We spent Thanksgiving as we usually do, gathering at Melinda Snodgrass’s place in the hills above Lamy to enjoy the company of friends old and new over a sumptuous meal. Turkey, stuffing, deviled eggs, Melinda’s home made nog, a slice or two of apple pie (with cheese, of course). The food was lovely, and it was good to be with friends.
But 2024 was a dark year, and our Thanksgiving was to have a dark end. Later that night, at home, we received a shattering text from Shannon Zelazny. Her brother Trent had died earlier that day of acute liver failure.
Trent had suffered a massive stroke back in September that had left him unable to walk… but he had been in rehab subsequently, and was making good progress. He was still Trent, still a fighter, and we all hoped he was on his way to recovery. It proved not to be.
He was only 48. In fact, Thanksgiving was his birthday.
I have known Trent since he was a small boy. His father was Roger Zelazny, a brilliant brilliant writer and one of the kindest men I have ever known… and a mentor to me, of sorts. He was the only person I knew when I moved from Iowa to New Mexico in 1979. He took me under his wing, invited me to dinners and parties, introduced me to First Friday and the Albuqerque science fiction fans.. I saw Zozobra for the first time from his house on Stagecoach Road, whose windows looked down on Old Man Gloom and Fort Marcy Park.
And of course met his family. Shannon had not yet been born, though she was on her way, but his sons were never far from their dad.
Devin, the older boy, looked so much like Roger he could have been a twin, and like Roger he was painfully shy. Trent was anything but. My earliest memory of him is from the year his dad brought him to Bubonicon, where he went everywhere and charmed everyone, clad in a t-shirt that read MY DAD WROTE LORD OF LIGHT.
A later (and much sadder memory) was from 1995, where Roger lay dying in St Vincent’s Hospital. Like many of his friends, I came and went during that dreadful week, visiting as often as I could, but Trent never left his father’s side.
He got married soon after Roger left us, and his wife gave him a son. He named the boy Corwin. (What else?) For a time, he was my tenant; he and his wife and his new son were renting my old house on Declovina, the first place I lived in Santa Fe.
Life happens, though. Corwin and his mother moved to California and the marriage ended. Trent continued to write, and begin to sell. He had his own voice, though. He loved his father’s work, and knew it better than anyone, but he was never an echo. He loved horror stories, and crime fiction, and noir, and did a lot of work in those fields. Sales started to be more common. While I was out in LA working in television, Trent moved to Florida, and I lost track of him for a few years. Florida was not kind to him, through, and he lived through some sort of tragedy down there.
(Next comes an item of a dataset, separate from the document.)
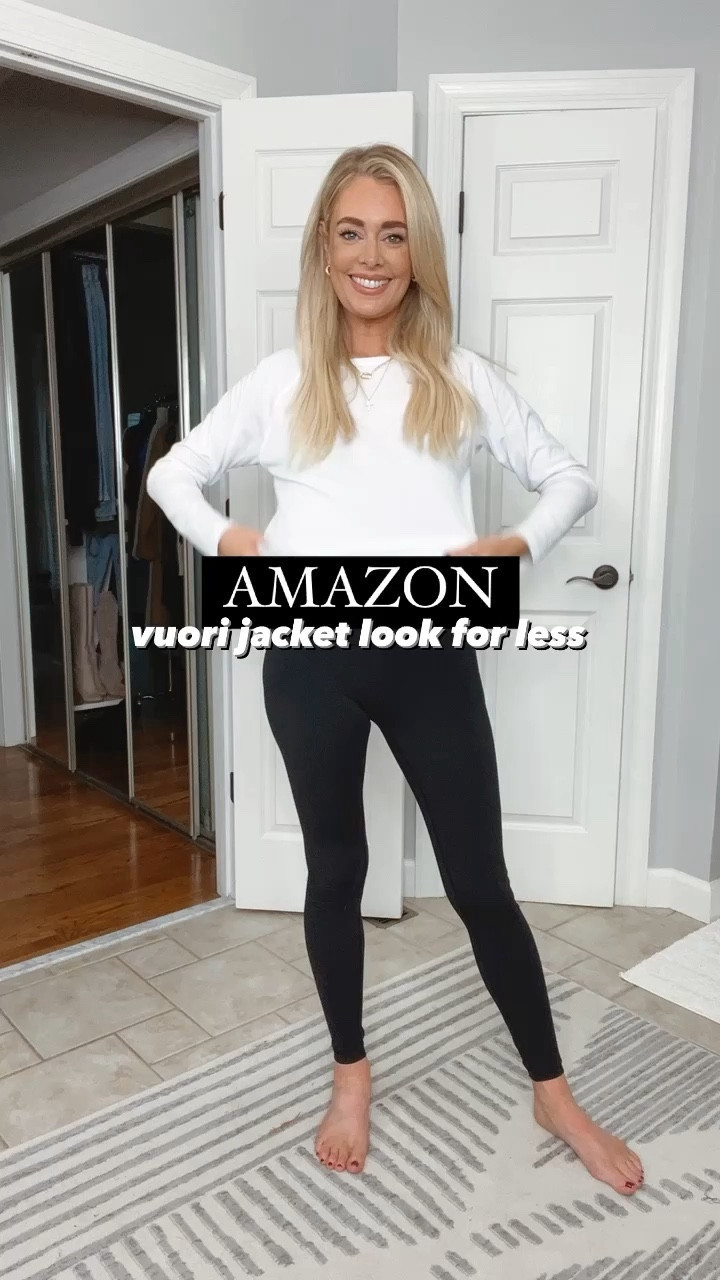 Amazon Vuori Jacket Look For Less // wearing a small in everything (everything fits true to size) 

Casual outfits, leggings outfits, fall outfits, winter outfits, Sherpa jacket, fleece jacket, Amazon jackett

#LTKSeasonal #LTKfindsunder50 #LTKstyletip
When he came back to the Land of Enchantment, I had just bought the Jean Cocteau Cinema. Trent needed work, and I made him my second hire. He started out selling popcorn, but soon was promoted to projectionist. He helped in promotion and scheduling as well, and sat in on some of my events, interviewing some of the writers who came by on promotional tours. He was a great employee, always… but never wanted to go full time. Writing was his true love, and he wanted to focus on that. His father would have said the same.
A few years further on, his sister Shannon his son Corwin both came to work at the JCC as well. And when declining health left his mother unable to continue managing Roger’s estate, Trent and Shannon took it on together. It was around then that they left the JCC, to devote more time to running the Amber Corporation… and giving Trent more time to write.
By then he had published a number of books, in several genres. I did not doubt that there were more to come. He had talent, and he had determination. Life had dealt him some hard blows, but he never gave up. Six months ago, if you had asked me, I would have said that Trent Zelazny was just at the beginning of his career.
I could never have dreamed that he was close to the end.
He is survived by his sister Shannon, his brother Devin, his son Corwin… and more friends than I can count.
We’re all going to miss him.
And if there is life beyond this, somewhere in Shadow on the road to Amber, I know his father is proud of him.